Maersk ditching fossil fuels for all new ships
The global shipping firm will use carbon-neutral fuels for propulsion, even if they are more expensive
Houston — A century after the global shipping fleet ran largely on coal, the world’s largest shipping line is taking a historic step towards not using fossil fuels for propulsion.
All newly constructed vessels owned by AP Møller-Maersk will have to be able to use carbon-neutral fuels, such as clean methanol and ammonia, as well as traditional oil-based products, the company said in a statement. The shift comes just three months after the industry’s main regulator set new decarbonisation rules that were criticised for their lack of ambition.
“If you don’t do this, 10 years from now we risk becoming irrelevant,” said Morten Bo Christiansen, vice-president and head of decarbonisation at Maersk. “Our customers need us to do this.”
As well as ammonia and clean forms of methanol, Maersk said alcohol lignin blends were another primary candidate for future fuels. Liquefied natural gas (LNG), which has been embraced by some other shipping lines, is not part of Maersk’s strategy: “We don’t need another fossil fuel,” Christiansen said.

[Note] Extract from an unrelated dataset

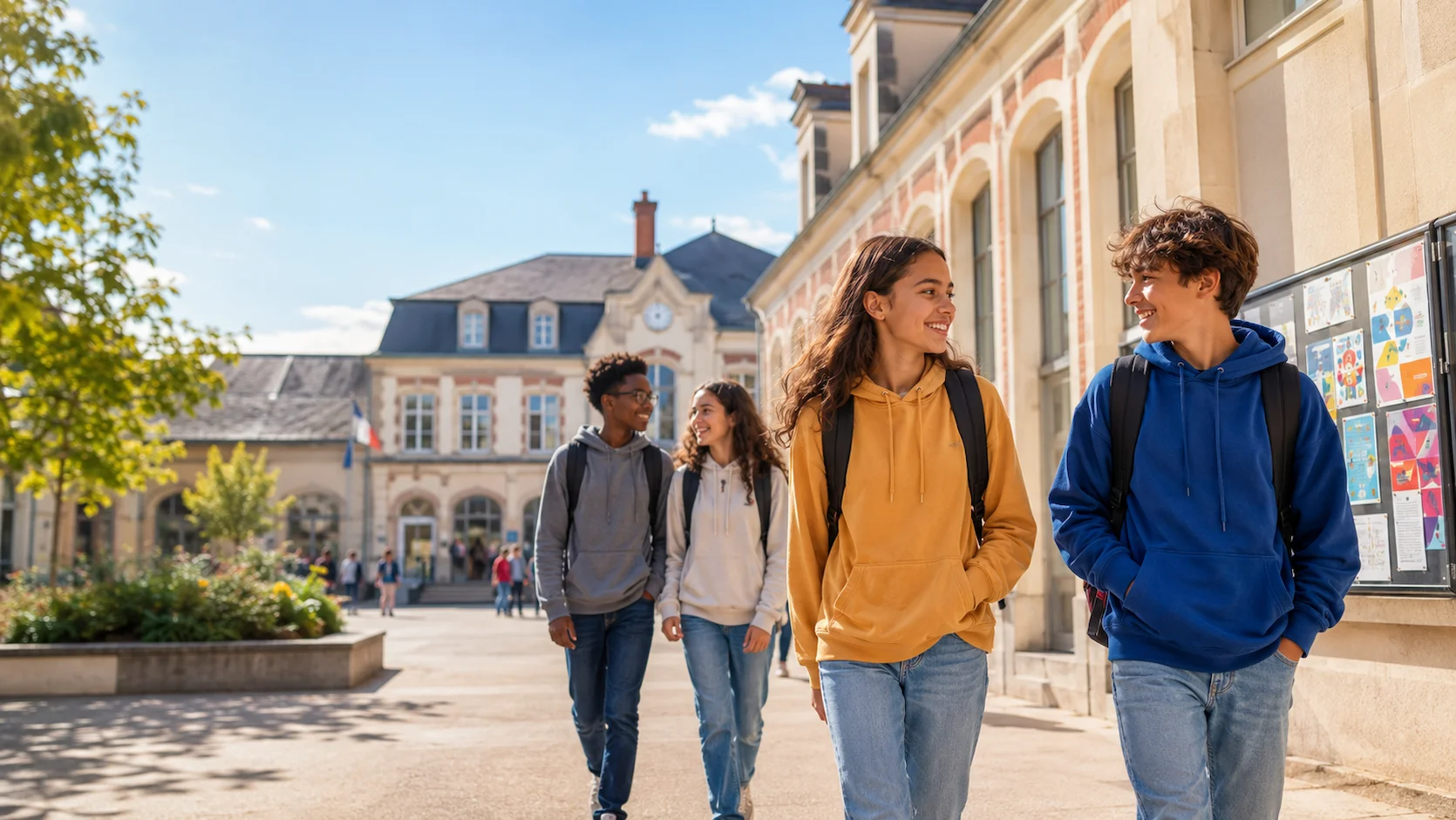 Test choix collège : cour de collège français animée avec des collégiens en train de discuter et jouer sous le soleil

About half of Maersk’s 200 biggest customers have set science-based or zero-carbon carbon targets for their supply chains, or are in the process of doing so. The firm wants to have net-zero emissions from its operations by 2050, and has helped found a research centre focused on decarbonising the industry.
While the new Maersk-owned ships will still be able to run on very low-sulphur fuel oil — the product widely used by vessels — the firm will strive to use carbon-neutral fuels, Christiansen said. That’s despite them likely costing significantly more than oil-based options. Still, if marine fuel costs were to double, the price of a flat-screen TV in a shop would only rise by about 50c to $1, Christiansen said.
Getting hold of enough carbon-neutral fuel will be Maersk’s biggest challenge, given the current lack of availability.
The firm also plans to have a small container ship capable of running on e-methanol, or, bio-methanol on the water in 2023, which it hopes will offer fuel suppliers an incentive to scale up production of clean alternatives.
“Our ambition to have a carbon-neutral fleet by 2050 was a moon shot when we announced it in 2018,” said Søren Skou, Maersk’s CEO. “Today we see it as a challenging, yet achievable target to reach.”